On Zhao, details are sketchier, so we’ll need to hear the results of the coronial inquiry and ASIO’s investigation.
With Wang, however, his account of the Chinese state’s covert work to interfere in Hong Kong and in Taiwanese and Australian politics came with reams of public detail. What he has already said aligns well with things we know about China's intelligence work.
What’s new is he’s added important details on individuals, companies, places, times and activities, which can be followed up. For our counter-espionage agency, ASIO, this will provide leads and seeds to understand and disrupt this covert and corrupting Chinese state activity.
Wang's claims are likely to be credible, especially given the Chinese embassy’s rapid denunciation of him, citing a hastily issued statement from Shanghai police, after his allegations were first reported. There’s no record of Wang's supposed conviction before then, and this is just the kind of cover-up you’d expect when a Chinese intelligence operation is compromised.
What does all this mean? Put bluntly, it shows outgoing ASIO boss Duncan Lewis was spot on in September when he said terrorism had plateaued as a threat, but foreign interference was "on a growth path". He observed at the time: "Unlike the immediacy of terrorism incidents, the harm from acts of espionage may not be present for years, even decades, after the activity has occurred. These sorts of activities are typically quiet, insidious and have a long tail."
That’s an insight our political leaders and the broader Australian public need to take to heart.
Let’s suppose the plan to get Zhao into Federal Parliament was real and had worked.

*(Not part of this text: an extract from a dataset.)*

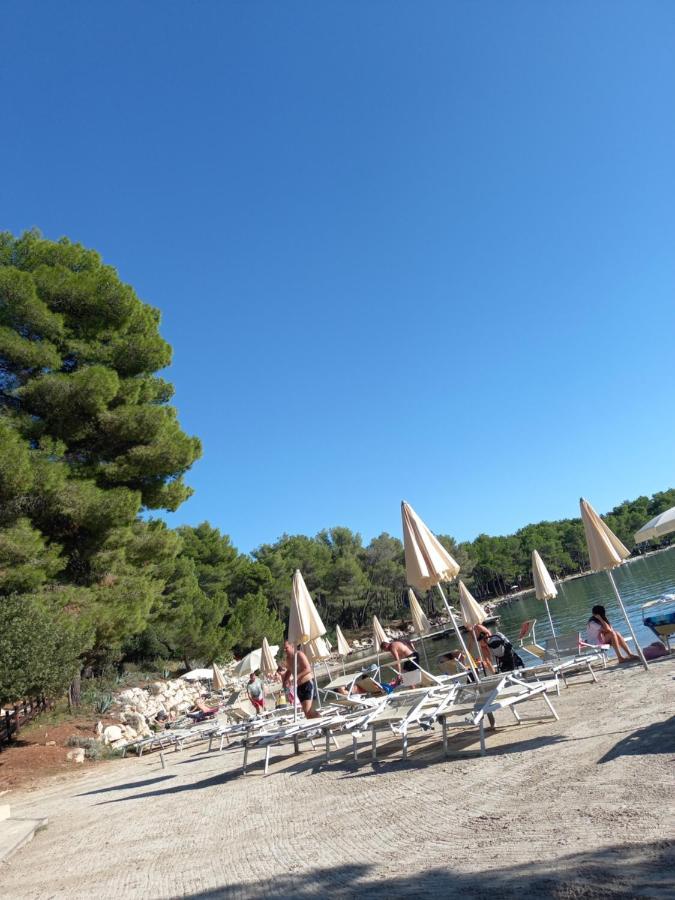 Apartman Silva Biograd Na Moru Exterior photo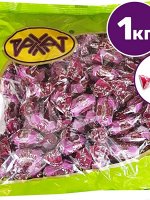 Карамель малина со сливками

He would have been a Liberal backbencher, working diligently on constituency issues and showing his potential. Two or three elections from now, he could have aspired to an outer ministry job and later, perhaps, higher things.
An ability to bring in plenty of cash to the party over that time, no doubt with help from his Chinese government handlers, wouldn’t have hurt. That’s the kind of "long tail" damage Lewis was talking about.
Every Australian political party now needs to take the threat of Chinese covert interference in our politics seriously and work with government agencies to reduce the prospects that our public debate and our parliamentary decision-making will be compromised by Chinese state interests.
It’s not undemocratic for the Greens, Liberals, Labor and Nationals to use the knowledge and expertise of Australia’s security agencies.
It’s not undemocratic for the Greens, the Liberals, Labor and the Nationals to take advantage of the knowledge and expertise of Australia’s national security agencies. In fact, in the light of well-organised and lavishly funded interference from President Xi Jinping’s powerful authoritarian state, it’s essential to protect the vibrancy and independence of our political system.
In the heat of talk about Zhao and Wang, it’s also worth noting that our Australian Chinese community is not even the most likely place to look for long-term cultivation of political figures.
It’s almost routine for former politicians and senior civil servants engaged in our current public debates on China to be involved in advisory work or sponsorship from Chinese entities. Many of these entities will be harmless but some, no doubt, will have close links to Chinese party institutions that these public voices and the Australian people need to understand, not dismiss.
Remember it was the scandal around Labor’s Sam Dastyari - not a Chinese Australian - that crystallised a series of events ending in the new foreign interests transparency law passing parliament with a thumping bipartisan majority in August 2018. That law doesn’t yet cover politicians and their staff - a glaring gap that must now be closed.
Finance Minister Matthias Corman was right to say it would be "getting a bit ahead of ourselves" to suggest the government complain to the Chinese government over the allegations about Zhao.
Refreshingly, he went on to say: "[But] issues will arise that need to be dealt with, and where there is bad and inappropriate conduct, we will call that out and seek to have that addressed." He also said that ASIO’s investigation needs to take its proper and orderly course.
Unlike the case of Chinese state hacking into our Parliament and three major political parties earlier this year, though, once the investigation is complete ASIO's Burgess needs to take the same approach he took as head of the Australian Signals Directorate and come out of the shadows with the investigation’s results.
That would be best done with him sitting in a booth in Parliament while the Prime Minister or Minister for Home Affairs makes a public statement on the topic.
The sensitive and corrosive issue of Chinese state interference in our democracy needs to be handled in a calm and orderly way. But that calmness and order needs to be accompanied by honesty and openness with the Australian people.